Spiegel
February 27, 2015
The end began in the National Theater of Greece in Athens. It was the evening of Wednesday, Feb. 18, and the work on stage was "Happy Days," a two-character play by Samuel Beckett. On stage, a not-particularly-young woman slowly sank into a pile of dirt, talking all the while. Finally, she was stuck up to her neck, but continued talking and making plans even though she could move little more than her eyes and her mouth.
Greek Finance Minister Yanis Varoufakis was in the audience. "Splendid performance(s)," he tweeted two days after the show. The evening, he wrote, was "such a relief from you know what ..."
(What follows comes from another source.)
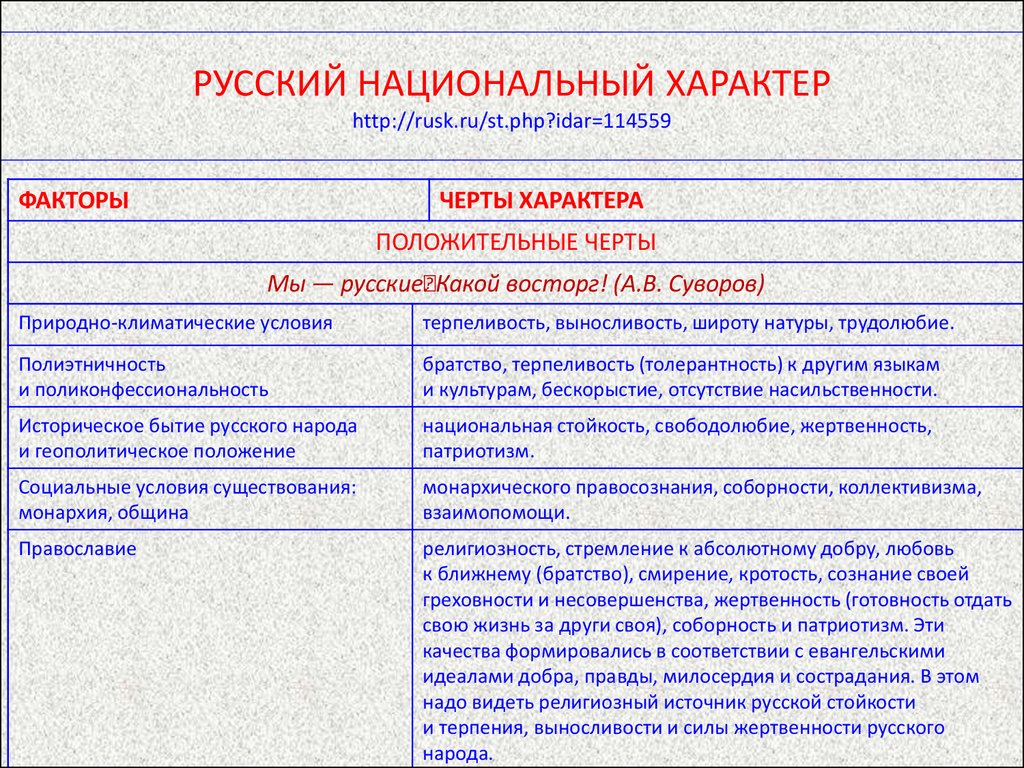 Основополагающие факторы русского национального характера проект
In hindsight, the scene seems like an omen -- like a screenplay for the days to come. Theater, after all, is a reflection of humanity's existence as a whole -- and sometimes it reflects the specific existence of a Greek finance minister.
At the same time as Varoufakis was enjoying his visit to the theater, his German counterpart Wolfgang Schäuble was attending a very different show, one in which the main character was Portuguese Finance Minister Maria Luís Albuquerque. She was a guest speaker at the Bertelsmann Stiftung and used her talk to review the significant progress her country has made since almost going broke four years ago. The country's finances are now under control and economic growth has returned.
"My dear friend," Schäuble addressed her pleasantly. The warmth in his voice made him sound like a teacher who had just barely managed to prevent a student from failing out of school. Why, he seemed to be thinking, can't all finance ministers in Europe be like Maria Luís Albuquerque?